Another post for me that is simple and hopefully serves as an example for people trying to get blogging as #SQLNewBloggers.
I’ve been writing about window functions, which I find very handy. In this post, I want to build a running total using the framing of the window. This continues from my last post on aggregates.

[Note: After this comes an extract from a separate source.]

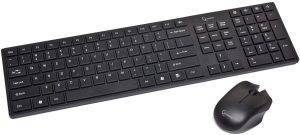 GEMBIRD KBS-V1 WIRELESS DESKTOP SET US LAYOUT BLACK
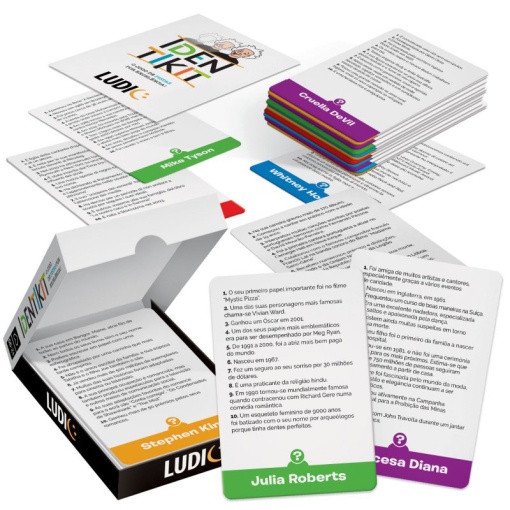 Identikit LUDIC card game (Portuguese version)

I’ve been looking at baseball data. Imagine that someone wants to know how many total home runs a player had at each stage of his career. In this case, if a player hit 1, then 4, then 5 home runs, we’d expect a running total to show:
- Year 1: 1
- Year 2: 5
- Year 3: 10
This is a cumbersome query without window functions, and inefficient, as I really need a subtotal query for each of the main rows. It’s difficult to write, read, and it’s slow. With a window function, however, I can use this query. You can see the framing with the ROWS section in the OVER() clause.
SELECT
yearid
, hr
, SUM (b.hr) OVER (ORDER BY b.yearID
ROWS BETWEEN UNBOUNDED PRECEDING AND CURRENT ROW) AS TotalHR
FROM dbo.batting AS b
WHERE b.playerID = 'griffke02'
ORDER BY b.yearID;
This gives me results that look like this:
Simple and easy to see and read.
This works as the window is scanned and totaled using the OVER() clause. In this case, the partition is the entire window, meaning all rows for this player. I’ve set the ordering to be the year, so as we move through the years, the SUM() is calculated using the part of the window that goes from the beginning, with the UNBOUNDED PRECEDING marker, until the current row.
You can think of this as we scan from year 1989 first. In this case, the entire preceding section is nothing, and the current row is 1989. Therefore the sum is 16.
Next we look at year 1990. There is a preceding row (1989) and this current row. We sum those to get 16+22=38. We repeat this with each row, always going back to the first row.
For the ROWS clause, we can use the between to determine the start and end portion of the partition that we scan. This means we can use:
- unbounded preceding
- unbounded following
- current row
- an integer
We can combine these 4 choices to get what we need. If we were looking only for a best 3 year time frame of home runs, we could get a sum like this:
SELECT
yearid
, hr
, SUM (b.hr) OVER (ORDER BY b.yearID
ROWS BETWEEN 1 PRECEDING AND 1 FOLLOWING) AS TotalHR
FROM dbo.batting AS b
WHERE b.playerID = 'griffke02'
ORDER BY b.yearID;
This gives me a grouping of the SUM for the current 1, as well as 1 before and after, for each row. My results are shown below. For the first year, there is no preceding row, so we sum the current and next row, 16+22 for 38. For the second row, we have 16 preceding, 22 current, and 22 next, which sum to 60. You can check the math for others.
There’s more to this, but for now, a quick running total is using SUM() and then the ROWS BETWEEN UNBOUNDED PRECEDING and CURRENT ROW clause.
SQLNewBlogger
This was a quick 15 minutes to write. I took part of what I’d done in the last post, changed the query quickly, and then started to explain part of a clause. I’ll keep this around and use it to expand on some other places where the framing can be useful and affect how I work with data.
A good chance for you to also show how you might build a running total, or even running count, with your own data.